Hereditas. 2020 Jul 7;157(1):26. doi: 10.1186/s41065-020-00140-2.
Pelvic organ prolapse (POP) affects around 15% of postmenopausal women in China. Although it has been widely accepted that genetic variants could confer risk for POP, the genetic susceptibility variants remain largely unknown. Previous studies indicated that LAMC1, which encodes the laminin gamma 1 chain and is critical for extracellular matrix, might be a susceptibility gene for POP. The study is to test the correlation of common variants across the LAMC1 gene with POP susceptibility in Chinese population.
A total of 396 individuals, including 161 unrelated patients of POP and 235 healthy controls, were recruited. Ten SNPs, including rs20558, rs20563, rs10911193, rs6424889, rs10911241, rs3768617, rs12073936, rs729819, rs10911214 and rs869133, of LAMC1, were genotyped using standard Sanger sequencing. The UNPHASED program (version 3.1.5) was used to analyze the genotyping data for allelic and genotypic associations.

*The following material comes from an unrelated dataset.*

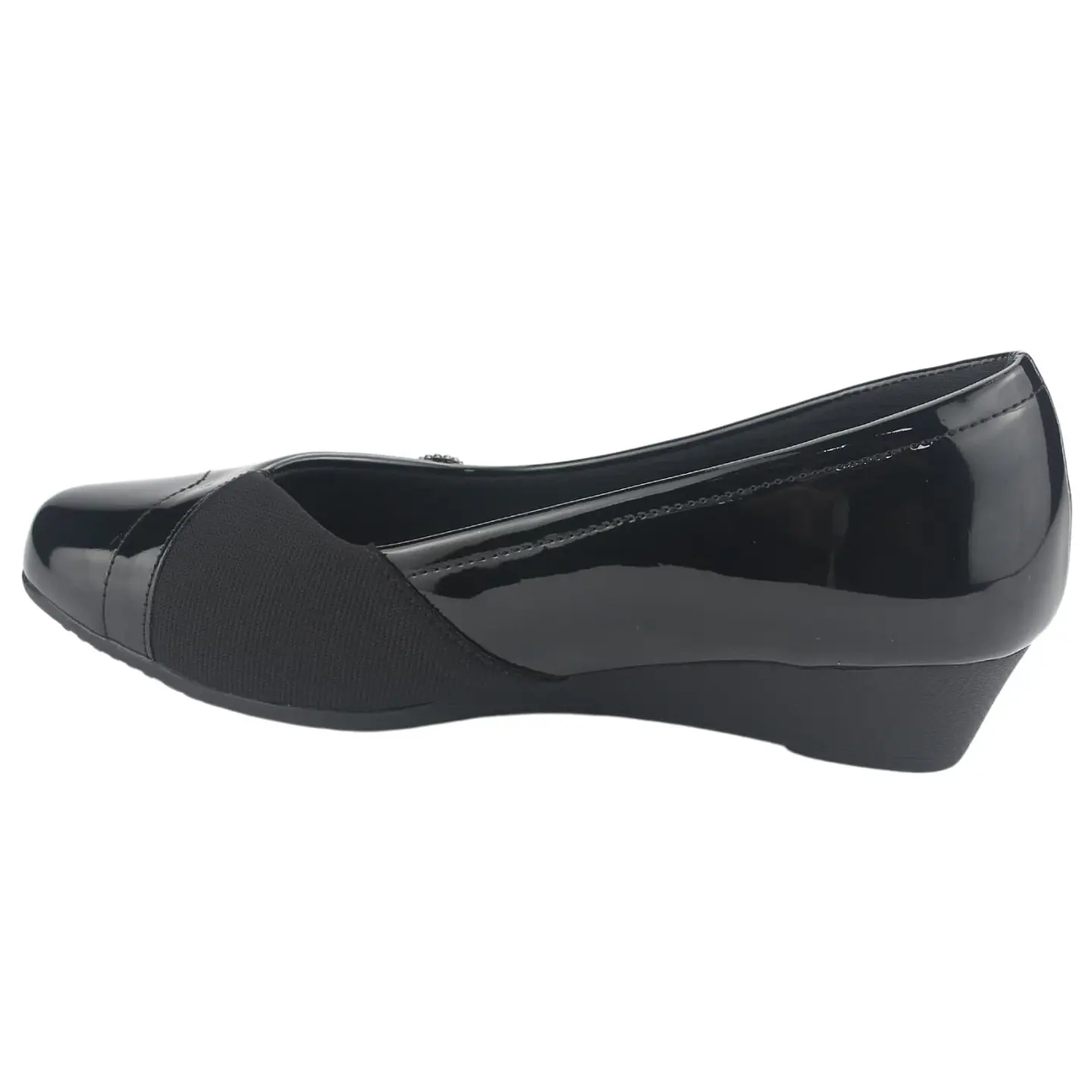 Zapato Mujer Negro Chalada 12-COLES-1BK 3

SNP rs10911241 was significantly associated with POP risk (χ = 10.70, P = 1.1 E-03). The minor allele (rs10911241-G) carriers exhibited an increased risk of the disease (OR = 1.71, 95% CI = 1.24-2.36).
Association of LAMC1 with POP risk in Chinese population strongly supported the involvement of LAMC1 in POP development.
盆腔器官脱垂(POP)影响了中国约 15%的绝经后妇女。尽管遗传变异可能会增加 POP 的风险已被广泛接受,但遗传易感性变异仍知之甚少。先前的研究表明,编码层粘连蛋白γ 1 链的 LAMC1 对于细胞外基质至关重要,可能是 POP 的易感基因。本研究旨在检测 LAMC1 基因内常见变异与中国人群 POP 易感性的相关性。
共招募了 396 名个体,包括 161 名无关的 POP 患者和 235 名健康对照者。对 LAMC1 中的 10 个 SNP(rs20558、rs20563、rs10911193、rs6424889、rs10911241、rs3768617、rs12073936、rs729819、rs10911214 和 rs869133)进行基因分型,使用标准 Sanger 测序。使用 UNPHASED 程序(版本 3.1.5)分析基因分型数据以进行等位基因和基因型关联分析。
SNP rs10911241 与 POP 风险显著相关(χ²=10.70,P=1.1 E-03)。携带次要等位基因(rs10911241-G)的个体患该病的风险增加(OR=1.71,95%CI=1.24-2.36)。
LAMC1 与中国人群 POP 风险的关联强烈支持 LAMC1 参与 POP 的发生发展。